Wow. Let me start there. So for task thirteen we were supposed to read a romance. I had a Sarah MacLean all picked out on Oyster, Ten Ways to be Adored When Landing a Lord. I’d read MacLean last year for the first time and her books convinced me not all romance novels were the stuff of my early twenties, silly names for genitals and rapey scenes. You know the ones I’m talking about. And if not her, then one by Tessa Dare, another historical romance author who MacLean herself had recommended.
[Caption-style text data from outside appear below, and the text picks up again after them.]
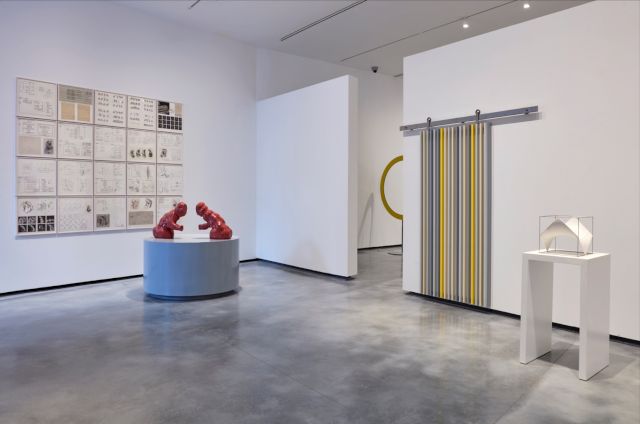 Exhibition View – Mouvnt (1974) and Movimiento transformable IV (1968) José Luis Alexanco; Scorpion and Felix (2012) Liam Gillick and Cubo (División de un cubo por 4 paraboloides hiperbólicos) (1965-1970) Ángel Duarte at Museum of Contemporary Art Helga de Alvear, Photo: Joaquín Cortés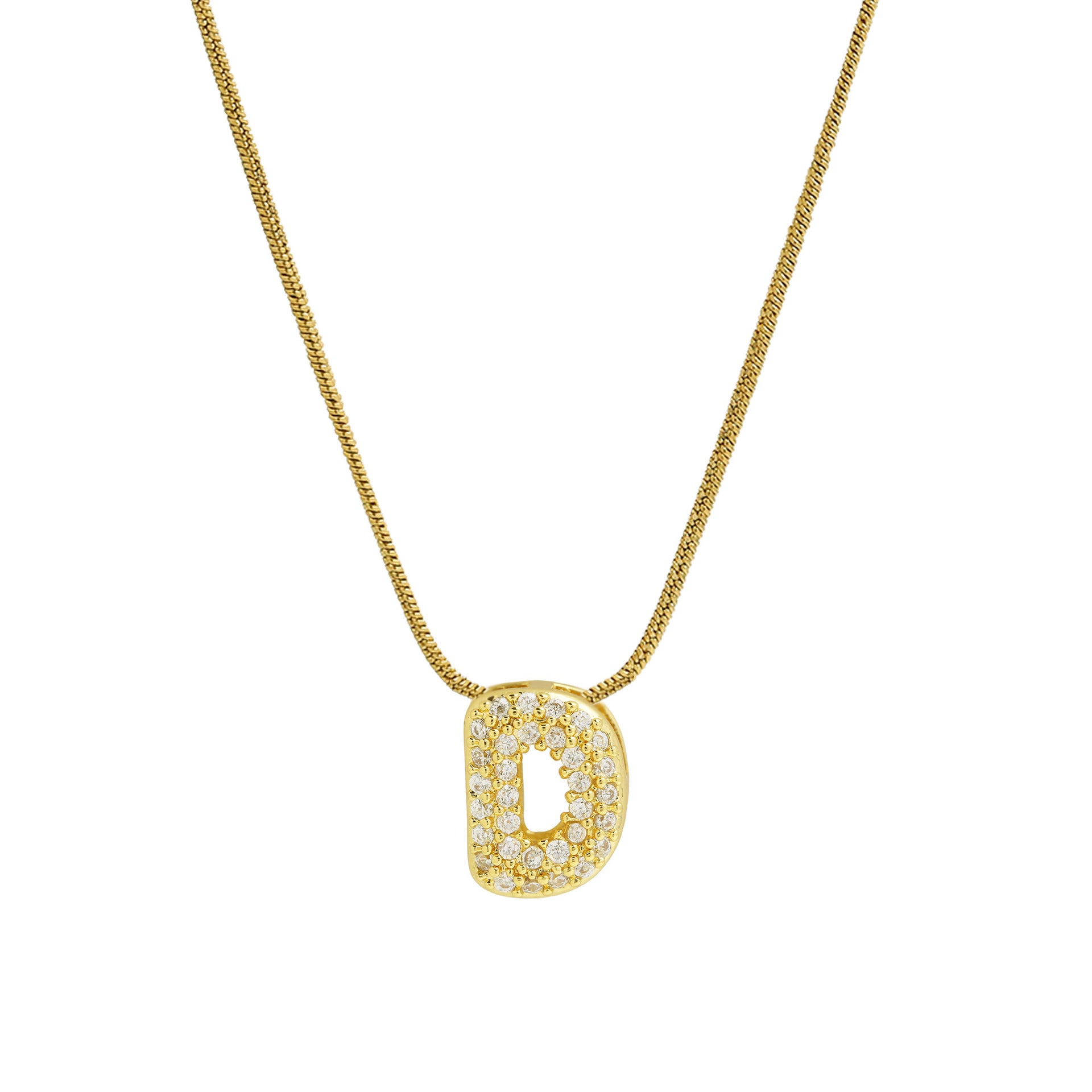Deborah Initial Snake Necklace - Gold-tone D Initial [YNTNZ9RQ]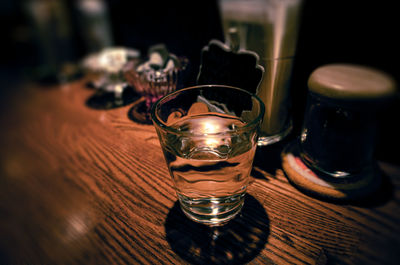High angle view of wine glass on table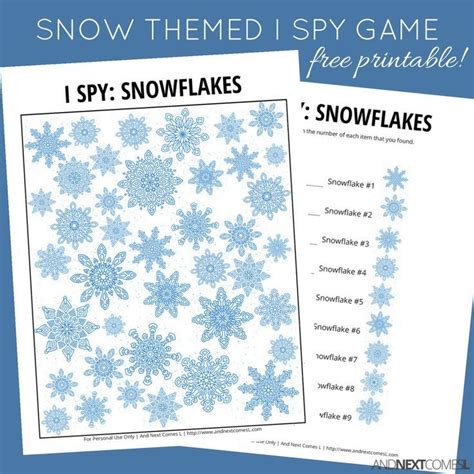 snowflake themed  spy game  printable  kids spy games
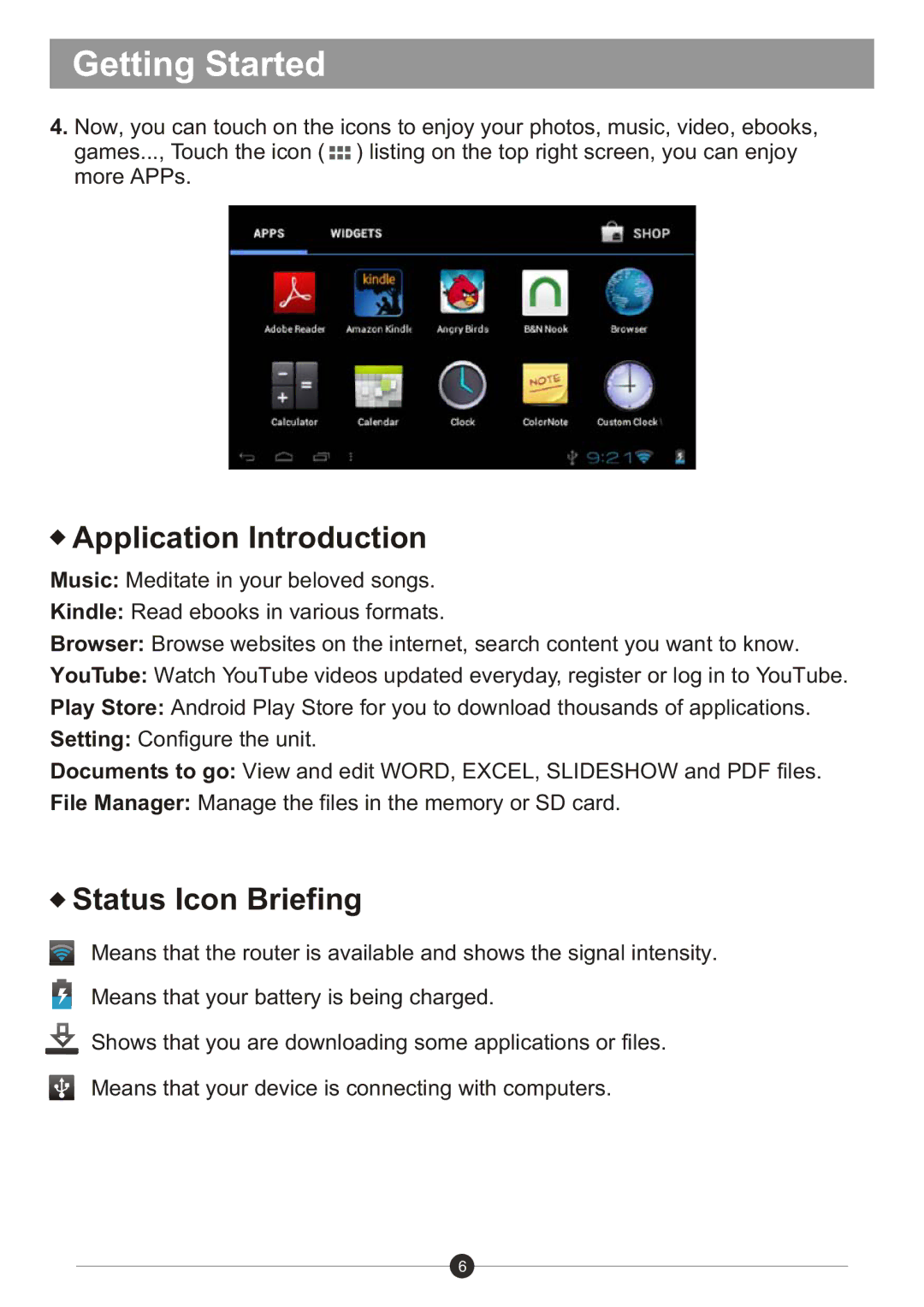 Sungale ID436WTA user manual Application Introduction, Status Icon Briefing 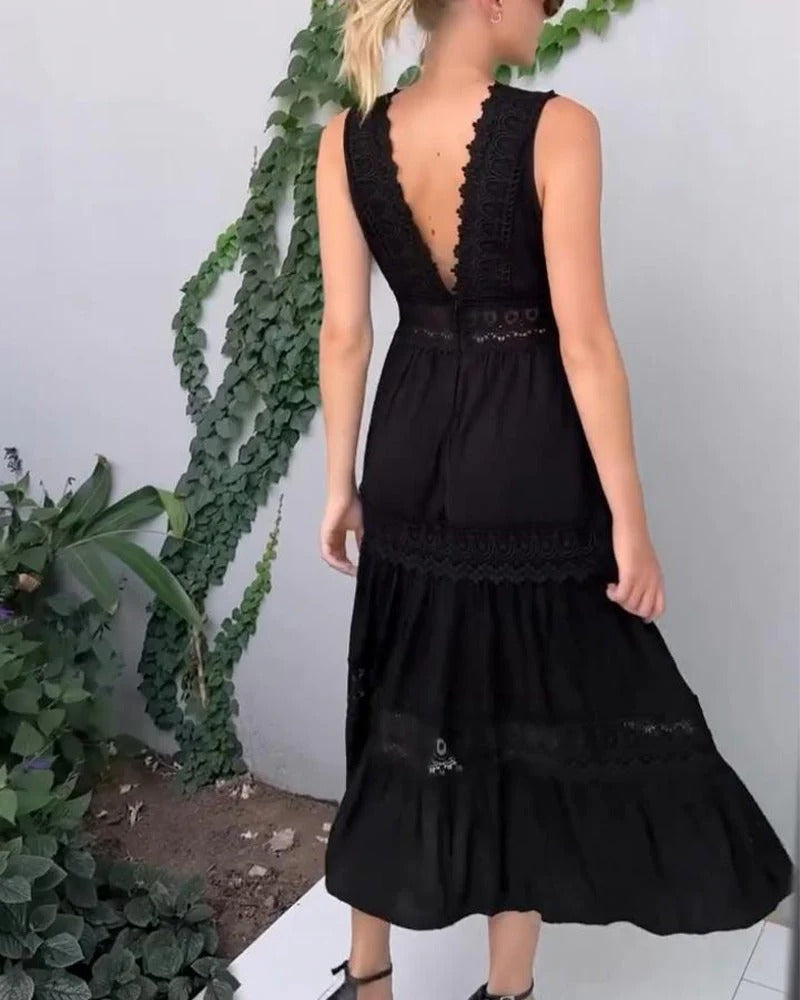 Daliah™ - Ermeløs boho midikjole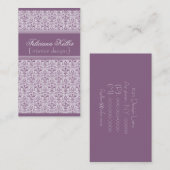 Romantic Damask Visitekaartje, Lila Visitekaartje (Voorkant / Achterkant)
Then I started thinking. The whole reason for me to do this challenge was to widen my horizons. Why not jump into a romance category that was new to me. So I jumped off the deep end right into BDSM. Whoa. From the title of the post you know I didn’t pick up that one EVERYBODY can name. That one was problematic from what people I actually trust in books were saying. So I listened to those same people I trust and found The Siren by Tiffany Reisz. I am not sure this is a genre or category that I’m going to jump into regularly, but I’m glad I did it. Not all romance is created equal. Not all relationships are either. The word “consent” is crucial here. This is a complex book. For that reason I absolutely adored it. I read a lot of romances back in the day and they were pretty boring. This book isn’t just one thing. It’s going to probably make you uncomfortable. I know there were scenes that made me cringe, but I don’t think that is a bad thing. Nora was pretty great. Wesley. Oh I adored Wesley. Zach? Zach had shades of every romance novel hero ever, but I think Nora rattled him pretty well. And that made it better. He wasn’t as alpha as the trope calls for. Søren? I don’t like him. I’m sorry. But I did think he was interesting. Which I think is more important than liking a character.
This book is not going to be for everyone. It’s not the type of romance novel I’m going to recommend to my mom, but I know a few people who would see the brilliance of it. It was about a range of other emotions just as it was about sexual encounters or even romantic notions. A reviewer on Goodreads said she was “completely not okay with just about everything in it [the book]. And I still loved it.” I’m not sure I loved it, but she’s pretty close to exactly how I felt. A good way for me to like a book is for it to make me think (or not think, perversely enough) and The Siren did that. I’m still debating on reading the second book to find out what happens to Nora. I’m probably going to wait until I get a little more traction in the #readharder challenge.
Have you read outside your comfort zone before? What happened?